Thursday, April 24, 2014

James Buchanan - Our Last Federalist Party President


Hon. James Buchanan by Mathew Brady (colorized)

Happy Birthday Jim
A dedicated member of the Federalist Party




By Gary;

Somehow I forgot that Jim Buchanan's birthday was yesterday (April 23rd, 1791).  I don't remember, but I think I missed the massive annual parade held here in California for him.

Oh well.  

Public celebrations for believers in small constitutional government are not in vogue these days.  Today we worship the lackeys of the All-Powerful State.  Praise be to Karl Marx and Big Brother.

Buchanan was born in a log cabin in Cove Gap, Pennsylvania (now Buchanan's Birthplace State Park), in Franklin County, on April 23, 1791.  As a young man he moved to Lancaster, where he studied law and was admitted to the bar in 1812.

The Federalist Party

Buchanan was a dedicated Federalist and a believer in the Constitution.  He firmly felt the U.S. must be a Republic in the manner created by Washington and Hamilton rather than be subjected to the whims of Jeffersonian mob rule.

Buchanan initially opposed the War of 1812 ("Mr. Madison's War") because he believed it was an unnecessary conflict.  But when the British invaded neighboring Maryland, he joined a volunteer light dragoon unit as a private and served in the defense of Baltimore. Buchanan is the only president with military experience who did not, at some point, serve as an officer.

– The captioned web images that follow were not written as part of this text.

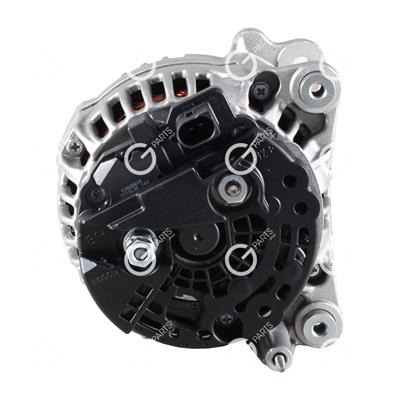 CA1782IR ALT. AUDI/VW RIGEN. SU CARCASSA ORIGINALE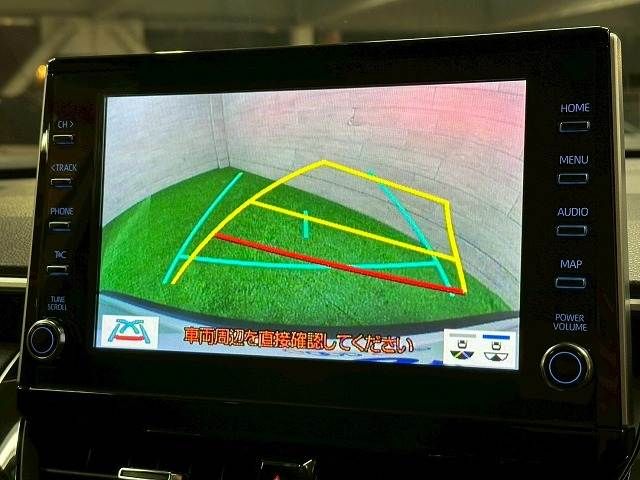 TOYOTA COROLLA CROSS HYBRID 2021 Image 31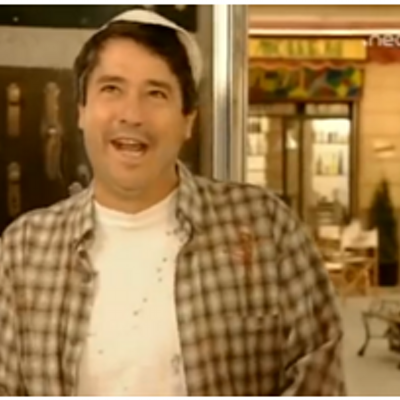 CARLOS IGLESIAS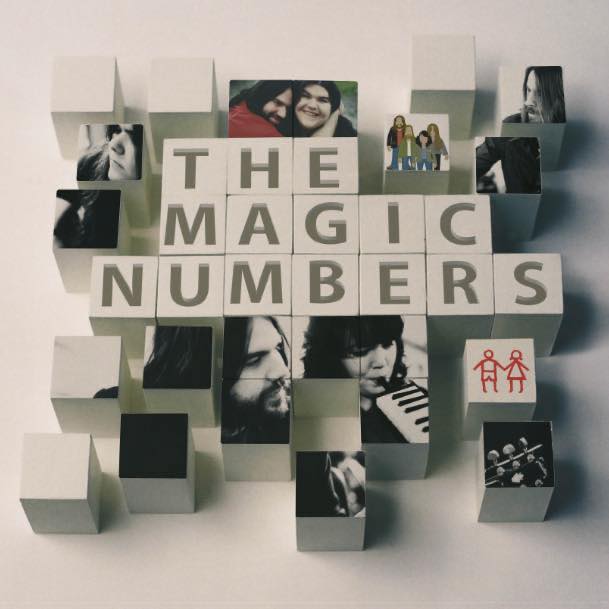 THE MAGIC NUMBERS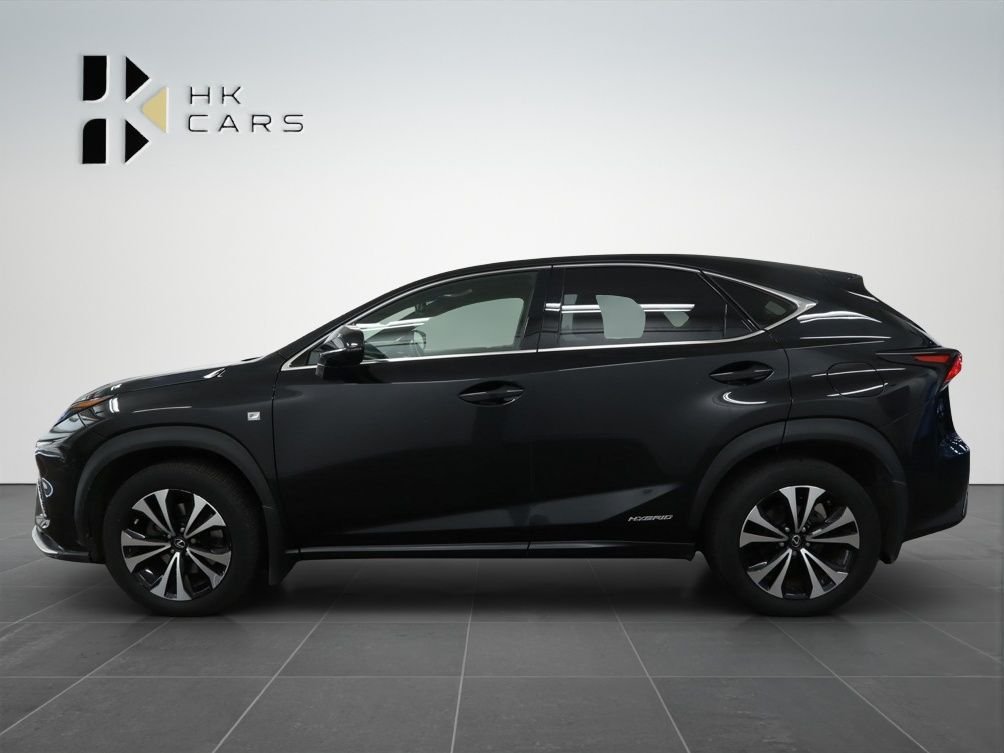Used Lexus NX 2019 for sale - 78117528: Photo 6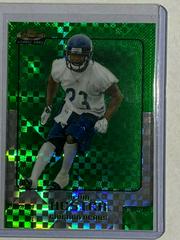 Devin Hester [Green Xfractor] #125 Football Cards 2006 Topps Finest Prices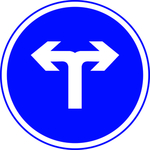 交通标识 交通标志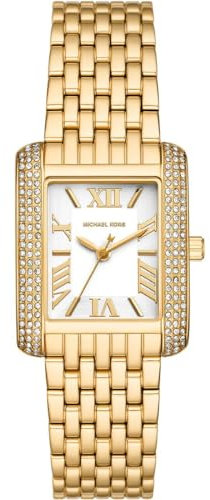 Michael Kors Montre pour Femme Emery à la Mode Code MK4826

Buchanan began his political career in the Pennsylvania House of Representatives from 1814 to 1816 as a member of the Federalist Party.

In 1821 he was elected to Congress as the Federalist Party candidate for the 3rd Congressional District of Pennsylvania.  In 1823 he was re-elected as a Federalist to the 4th District serving until 1825.

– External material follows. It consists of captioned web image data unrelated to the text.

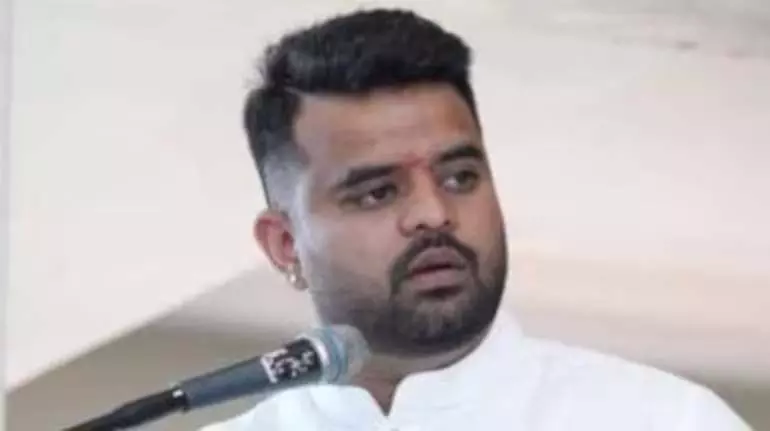 Prajwal Revanna यौन शोषण मामले में दोषी करार Prajwal Revanna यौन शोषण मामले में दोषी करार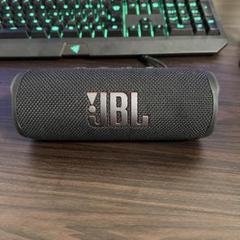 jbl flip6 スピーカー　ジャンク品 JBL FLIP6 Bluetoothワイヤレス スピーカー (ジャンク品) - メルカリ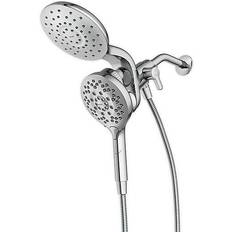 Moen Aromatherapy Combination (IN208C2 ) Chrome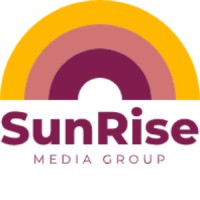 SunRise Media Group logo - Similar company to Sunrise Media Group, Inc.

By 1824 the Federalist Party was vanishing in state after state.  Buchanan chose to run for re-election as a member of the small Constitutional government, nationalist "Jacksonian" faction that per-dated the Democratic Party.  He continued to serve in the House until 1831.

With the Federalist Party gone, Buchanan was elected as a member of the new Democrat Party to the United States Senate to fill a vacancy and served from December 1834; he was reelected in 1837 and 1843, and resigned in 1845 to accept nomination of him as Secretary of State by President James K. Polk.

He was appointed by Andrew Jackson as Ambassador to Russia in 1832 and was appointed by Franklin Pierce as minister to the Court of St. James's (Britain) from 1853 to 1856.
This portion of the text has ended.